RECORDED INFORMATION =>

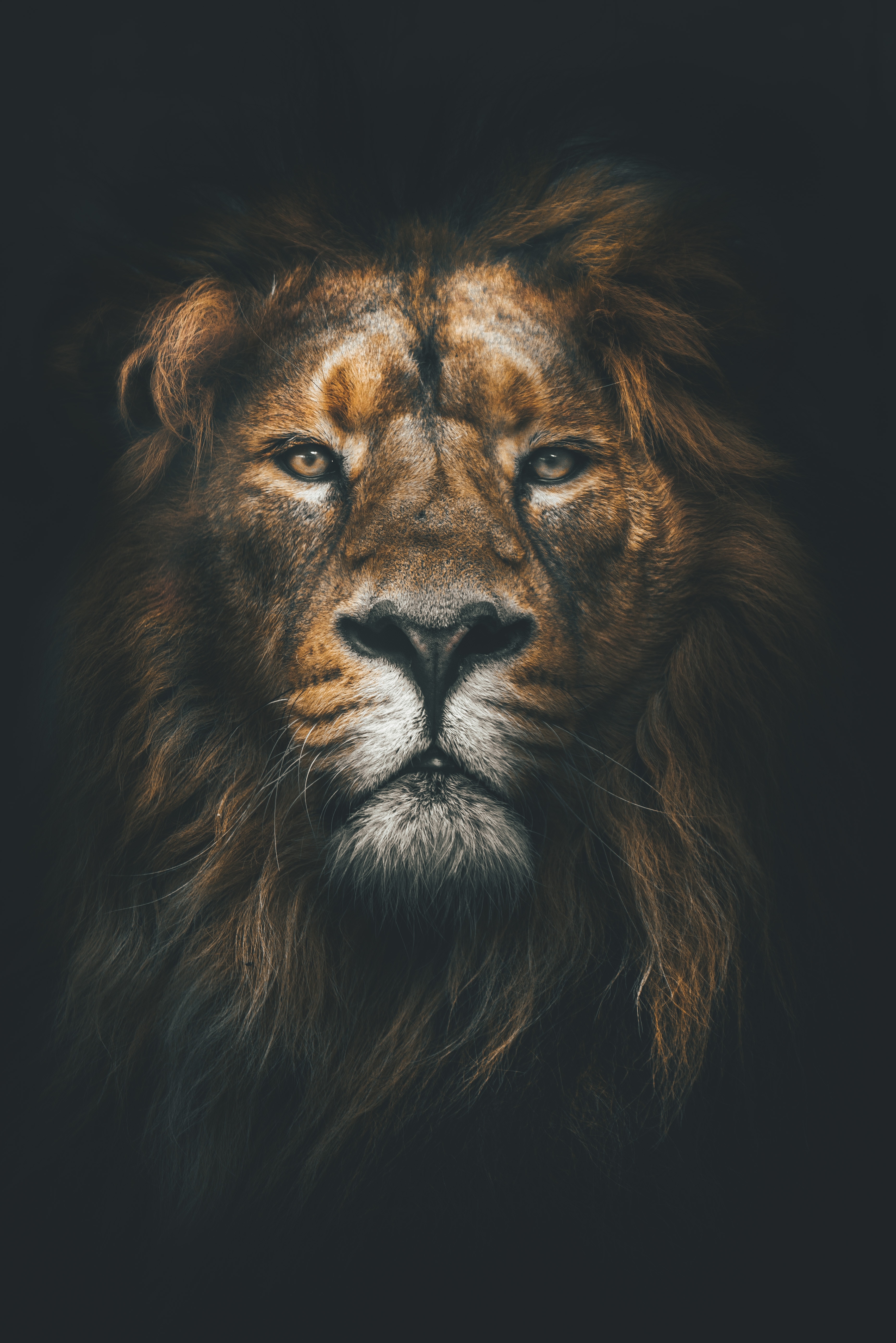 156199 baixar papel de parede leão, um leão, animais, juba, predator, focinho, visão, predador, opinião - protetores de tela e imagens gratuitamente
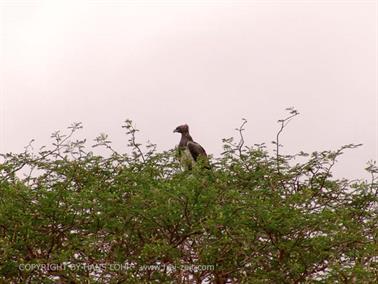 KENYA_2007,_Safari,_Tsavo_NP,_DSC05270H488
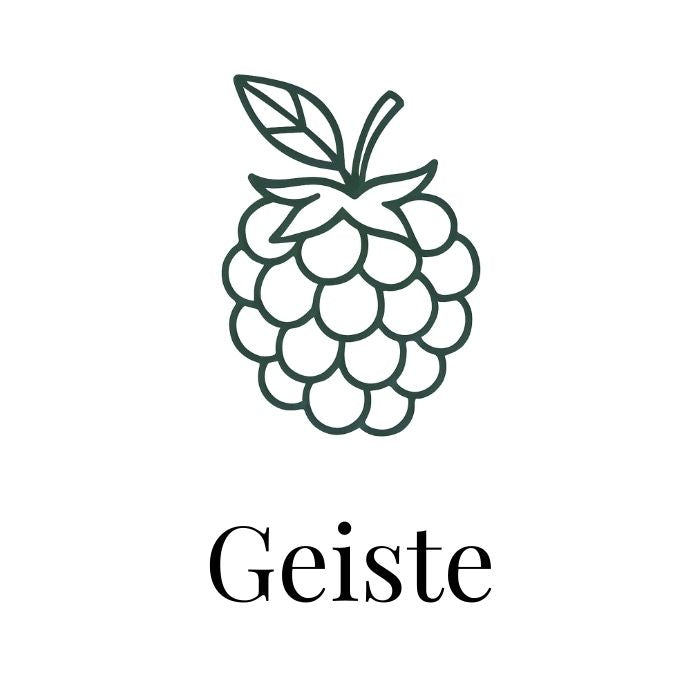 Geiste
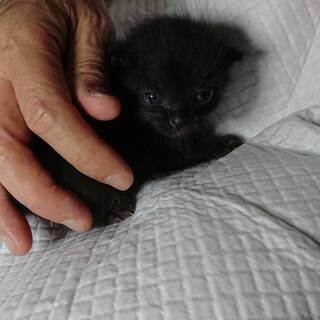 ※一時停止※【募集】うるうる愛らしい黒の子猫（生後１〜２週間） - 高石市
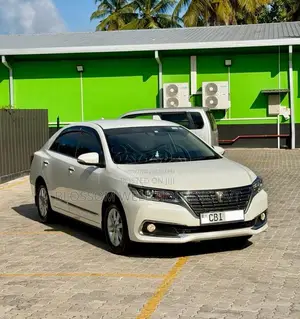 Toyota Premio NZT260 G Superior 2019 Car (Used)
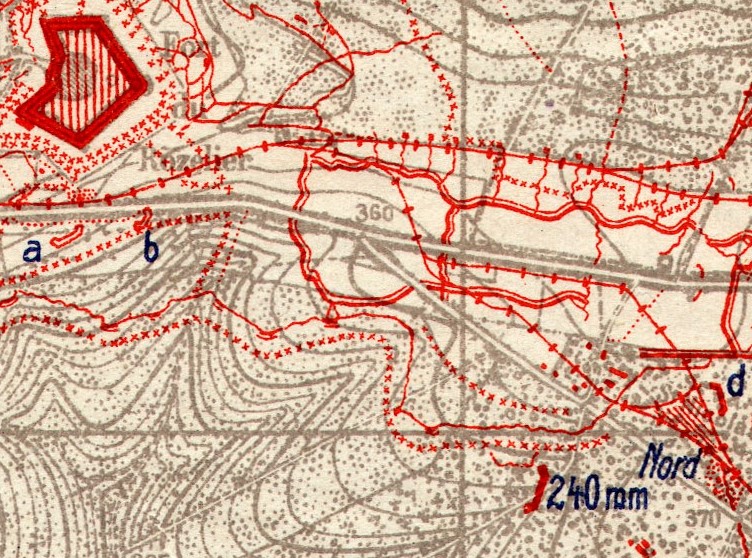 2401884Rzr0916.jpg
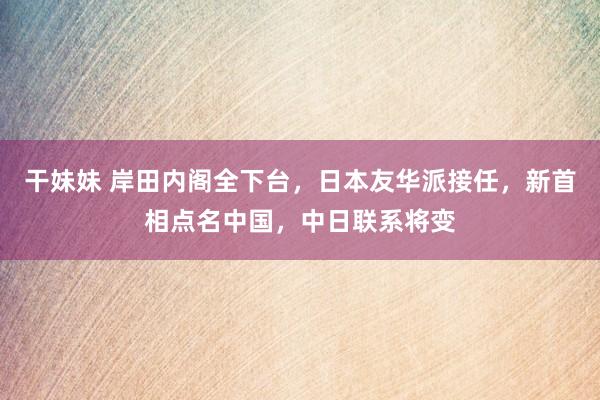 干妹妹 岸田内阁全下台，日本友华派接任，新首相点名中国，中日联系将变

THE PROBLEM => An exact copy of the listing above, minus its pictures, is what is needed here.

PROBLEM SOLUTION =>
 156199 baixar papel de parede leão, um leão, animais, juba, predator, focinho, visão, predador, opinião - protetores de tela e imagens gratuitamente
 KENYA_2007,_Safari,_Tsavo_NP,_DSC05270H488
 Geiste
 ※一時停止※【募集】うるうる愛らしい黒の子猫（生後１〜２週間） - 高石市
 Toyota Premio NZT260 G Superior 2019 Car (Used)
 2401884Rzr0916.jpg
 干妹妹 岸田内阁全下台，日本友华派接任，新首相点名中国，中日联系将变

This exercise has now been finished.